*** Block opens ***
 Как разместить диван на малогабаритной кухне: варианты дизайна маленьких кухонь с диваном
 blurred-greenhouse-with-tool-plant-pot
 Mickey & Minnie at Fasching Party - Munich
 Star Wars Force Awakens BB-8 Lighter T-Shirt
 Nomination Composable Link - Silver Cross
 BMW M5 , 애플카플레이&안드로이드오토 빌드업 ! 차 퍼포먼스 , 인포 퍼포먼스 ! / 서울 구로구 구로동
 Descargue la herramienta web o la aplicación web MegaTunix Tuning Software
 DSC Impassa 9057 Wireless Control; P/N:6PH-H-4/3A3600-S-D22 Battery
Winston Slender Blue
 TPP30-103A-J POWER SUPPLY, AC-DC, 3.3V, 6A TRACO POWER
*** Block closes ***
*** Block opens ***
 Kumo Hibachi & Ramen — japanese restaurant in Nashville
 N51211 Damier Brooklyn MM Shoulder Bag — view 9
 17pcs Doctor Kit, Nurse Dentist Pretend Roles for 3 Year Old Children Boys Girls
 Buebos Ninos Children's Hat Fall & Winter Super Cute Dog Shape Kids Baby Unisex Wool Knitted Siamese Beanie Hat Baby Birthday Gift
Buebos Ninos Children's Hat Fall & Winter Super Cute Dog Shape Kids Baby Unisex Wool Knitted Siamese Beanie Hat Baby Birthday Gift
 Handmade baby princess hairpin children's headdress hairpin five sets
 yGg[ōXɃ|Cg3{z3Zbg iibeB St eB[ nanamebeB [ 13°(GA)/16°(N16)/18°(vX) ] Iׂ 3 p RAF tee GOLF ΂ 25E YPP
*** Block closes ***
*** Block opens ***
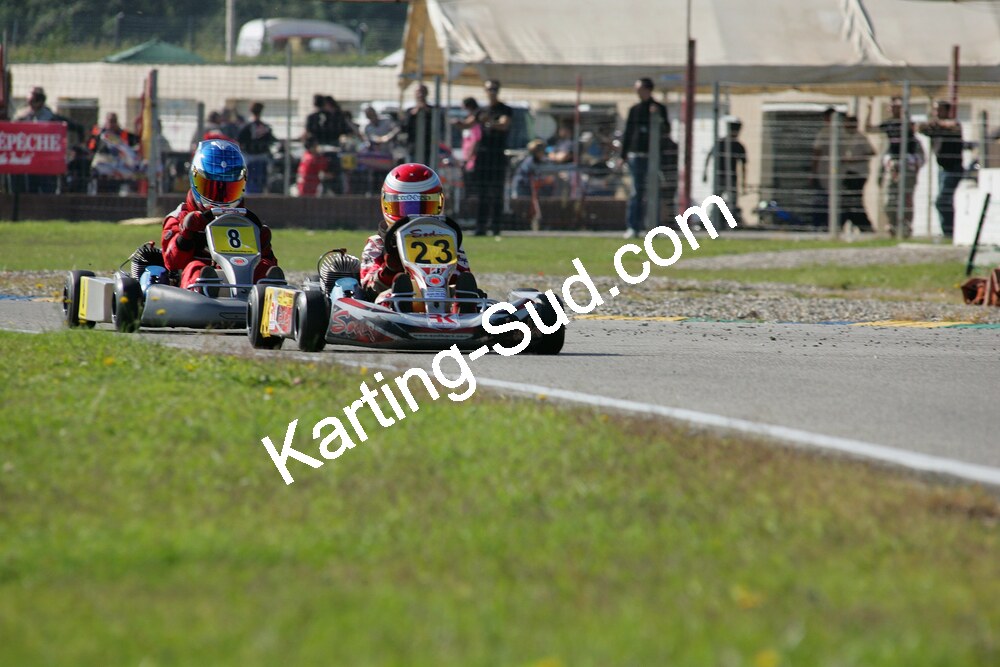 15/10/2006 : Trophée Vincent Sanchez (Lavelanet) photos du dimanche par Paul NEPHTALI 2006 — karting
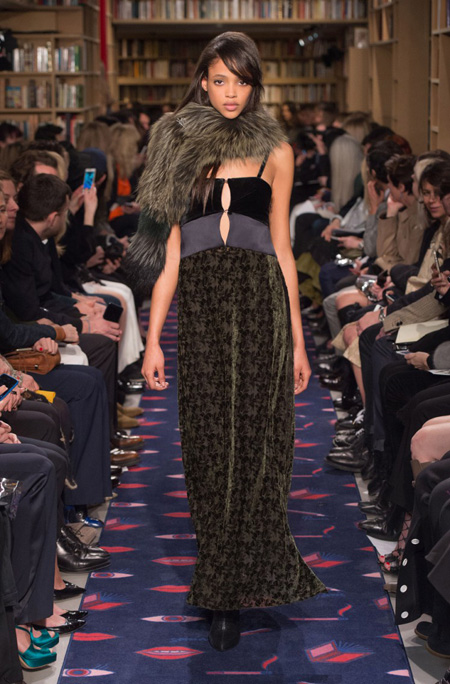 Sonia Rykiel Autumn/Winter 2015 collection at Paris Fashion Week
*** Block closes ***
AIM OF THE TASK
Given the records above, return exactly the lines starting at the line containing "Kumo Hibachi &" and ending at the line containing "GOLF ΂ 25E YPP", including both.

TASK RESPONSE
 Kumo Hibachi & Ramen — japanese restaurant in Nashville
 N51211 Damier Brooklyn MM Shoulder Bag — view 9
 17pcs Doctor Kit, Nurse Dentist Pretend Roles for 3 Year Old Children Boys Girls
 Buebos Ninos Children's Hat Fall & Winter Super Cute Dog Shape Kids Baby Unisex Wool Knitted Siamese Beanie Hat Baby Birthday Gift
Buebos Ninos Children's Hat Fall & Winter Super Cute Dog Shape Kids Baby Unisex Wool Knitted Siamese Beanie Hat Baby Birthday Gift
 Handmade baby princess hairpin children's headdress hairpin five sets
 yGg[ōXɃ|Cg3{z3Zbg iibeB St eB[ nanamebeB [ 13°(GA)/16°(N16)/18°(vX) ] Iׂ 3 p RAF tee GOLF ΂ 25E YPP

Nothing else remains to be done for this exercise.